Julius Hobson, former lobbyist for the American Medical Association and now a senior policy analyst at the Washington law firm Bryan Cave, said that stipulation, by hinging Grassley’s support on whether guys like Kyl get on board, leaves Democrats with little power of negotiation.

“That’s a really big deal,” Hobson said. “That comment alone may have done [substantial] harm to the process.”

Jonathan Oberlander, health policy professor at the University of North Carolina-Chapel Hill, echoed that message, warning that any bill capable of winning 15 or 20 Republicans would lose too many Democrats to pass. Such GOP support won’t be possible, he said, “unless the legislation falls far, far short of what most of the Democratic caucus supports.”

Grassley’s office didn’t respond to requests for comment, but issued a statement Wednesday reiterating the Iowa senator’s commitment to fighting for a bill that a substantial number of Republicans would support.

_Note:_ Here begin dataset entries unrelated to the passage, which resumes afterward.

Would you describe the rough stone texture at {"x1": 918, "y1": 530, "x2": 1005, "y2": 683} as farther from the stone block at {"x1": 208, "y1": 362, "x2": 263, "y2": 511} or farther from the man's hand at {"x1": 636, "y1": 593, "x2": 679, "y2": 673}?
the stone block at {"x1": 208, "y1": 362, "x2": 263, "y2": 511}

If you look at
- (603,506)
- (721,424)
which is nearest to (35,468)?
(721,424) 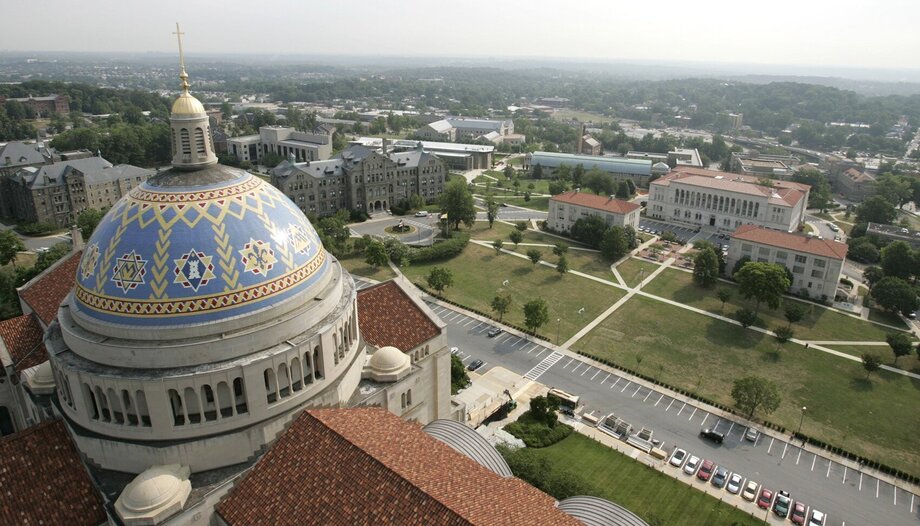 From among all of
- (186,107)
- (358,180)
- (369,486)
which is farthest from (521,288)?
(369,486)

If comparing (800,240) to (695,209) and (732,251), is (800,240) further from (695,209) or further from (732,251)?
(695,209)

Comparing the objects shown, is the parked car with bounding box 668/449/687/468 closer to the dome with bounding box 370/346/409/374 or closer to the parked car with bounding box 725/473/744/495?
the parked car with bounding box 725/473/744/495

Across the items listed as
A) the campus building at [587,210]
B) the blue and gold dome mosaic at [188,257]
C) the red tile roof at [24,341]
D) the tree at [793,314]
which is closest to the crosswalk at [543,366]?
the tree at [793,314]

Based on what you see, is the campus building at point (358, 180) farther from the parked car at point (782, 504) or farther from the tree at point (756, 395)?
the parked car at point (782, 504)

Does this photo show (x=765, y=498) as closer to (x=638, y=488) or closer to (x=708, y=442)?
(x=708, y=442)

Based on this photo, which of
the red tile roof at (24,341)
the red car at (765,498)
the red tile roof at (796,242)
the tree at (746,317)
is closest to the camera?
the red tile roof at (24,341) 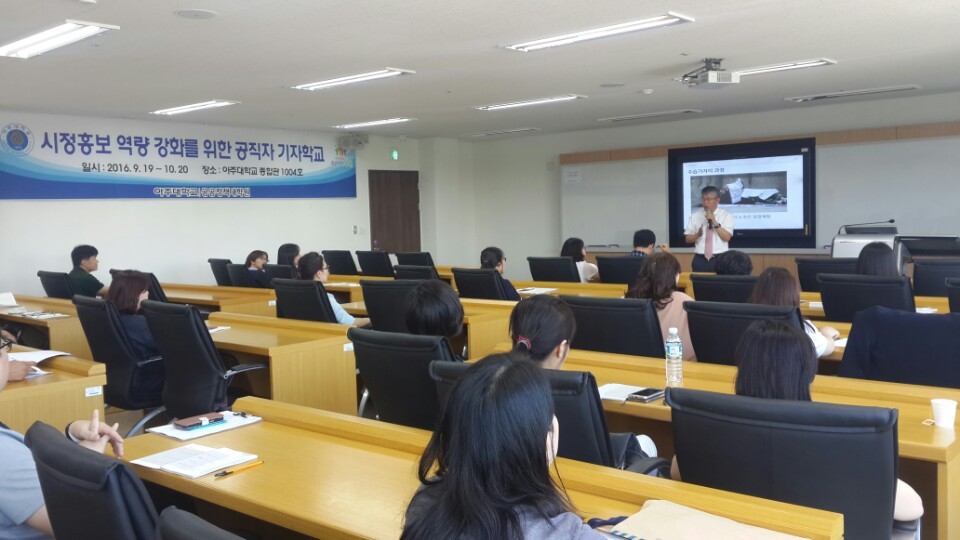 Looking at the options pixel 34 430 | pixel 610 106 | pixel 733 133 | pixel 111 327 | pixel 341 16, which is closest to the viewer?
pixel 34 430

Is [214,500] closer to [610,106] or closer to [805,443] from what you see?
[805,443]

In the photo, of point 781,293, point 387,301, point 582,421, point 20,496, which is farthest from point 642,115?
point 20,496

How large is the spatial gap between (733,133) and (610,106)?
223 cm

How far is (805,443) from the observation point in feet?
5.80

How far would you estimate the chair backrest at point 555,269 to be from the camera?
7.05 meters

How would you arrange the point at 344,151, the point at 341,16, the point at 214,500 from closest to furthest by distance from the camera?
1. the point at 214,500
2. the point at 341,16
3. the point at 344,151

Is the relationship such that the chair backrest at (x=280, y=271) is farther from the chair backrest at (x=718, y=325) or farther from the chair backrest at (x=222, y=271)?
the chair backrest at (x=718, y=325)

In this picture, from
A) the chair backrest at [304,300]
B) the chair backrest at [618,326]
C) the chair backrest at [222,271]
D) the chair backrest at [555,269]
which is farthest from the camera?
the chair backrest at [222,271]

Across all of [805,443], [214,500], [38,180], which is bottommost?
[214,500]

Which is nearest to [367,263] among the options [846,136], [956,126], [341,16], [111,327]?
[341,16]

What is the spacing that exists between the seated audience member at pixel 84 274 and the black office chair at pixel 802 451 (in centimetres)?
672

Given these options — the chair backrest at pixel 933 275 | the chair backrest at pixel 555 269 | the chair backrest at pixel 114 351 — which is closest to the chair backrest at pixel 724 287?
the chair backrest at pixel 933 275

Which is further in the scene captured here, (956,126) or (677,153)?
(677,153)

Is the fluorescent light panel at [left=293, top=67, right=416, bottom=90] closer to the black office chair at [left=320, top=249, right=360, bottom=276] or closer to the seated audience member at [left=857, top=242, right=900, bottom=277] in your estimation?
the black office chair at [left=320, top=249, right=360, bottom=276] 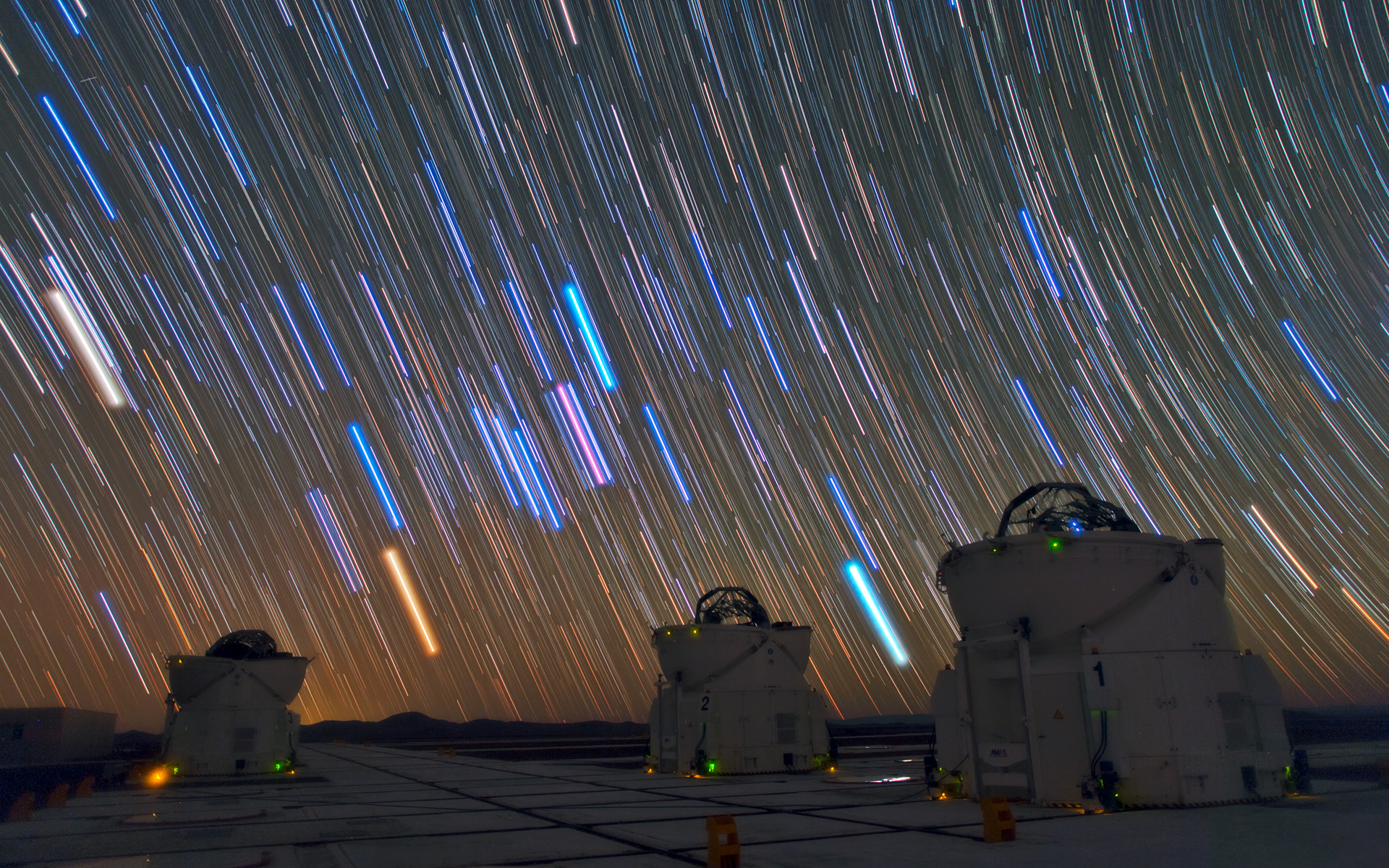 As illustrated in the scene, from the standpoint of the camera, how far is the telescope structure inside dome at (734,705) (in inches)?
1018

Not that Grassley isn’t capable of political independence. In 2007, for example, he bucked both the Bush administration and Republican leadership by leading the unsuccessful bipartisan effort to reauthorize the State Children’s Health Insurance Program. Revealing the limitations of that independent streak, however, he ultimately voted with GOP leaders against SCHIP’s renewal when it came up again in January, arguing that the expansion was too broad and would encroach on private insurance markets. Further displaying his party-line feathers, in 2003 it was Grassley, then-Finance Committee chairman, who pushed through controversial Republican legislation creating Medicare’s prescription drug benefit and the Medicare Advantage program, both of which took steps toward privatizing the popular Medicare program. The American Conservative Union rates Grassley with a lifetime score of 83.

“More often than not he is a reliable conservative Republican, especially on economic issues, which may be at the core of his discomfort with the health care bill,” David P. Redlawsk, political scientist at Rutgers University, said in an email.

The historic relationship between Grassley and Senate Finance Chairman Max Baucus (D-Mont.) is an unusually close one, riding straight into this year. Baucus has gone out of his way to appease his counterpart throughout the health reform debate, delaying release of the bill until September so the sides could iron out differences. Yet Grassley has reportedly balked this month over a face-to face meeting between members of the Gang of Six. Moves like that have left many health policy experts wondering if, on this health reform drive, the committee’s working relationship isn’t deteriorating.

Oberlander said that Grassley’s eyebrow-raising behavior has created “the appearance of a strain” in the bipartisan working relationship among the Finance leaders.

“You have the Republican who’s supposed to be the most cooperative, and he’s out there talking about death panels,” he said.

An impasse in the Finance Committee could have serious consequences. Without Grassley’s endorsement of the bill, there are real questions whether a sweeping health reform proposal stands a chance in the upper chamber, where 60 votes will be required to defeat a likely GOP filibuster. Although the Democrats have a 60-member majority, it’s uncertain whether ailing Sens. Edward Kennedy (D-Mass.) and Robert Byrd (D-W.Va.) would be available to vote.

Taking a lesson from the Clinton administration’s failed health reform push in 1993 and 1994, Obama has been careful not to make specific policy demands, instead laying out broad goals he wants the reforms to accomplish. But, as the thorny Finance panel debate has revealed, that strategy has its perils as well. Some observers are beginning to wonder if the White House is being aggressive enough in its push for a health system overhaul.

“If Mr. Obama wants to jettison the now-weakened public plan to dampen overheated opposition,” editorialists at The New York Times wrote Wednesday, “he should say what he will insist on instead.”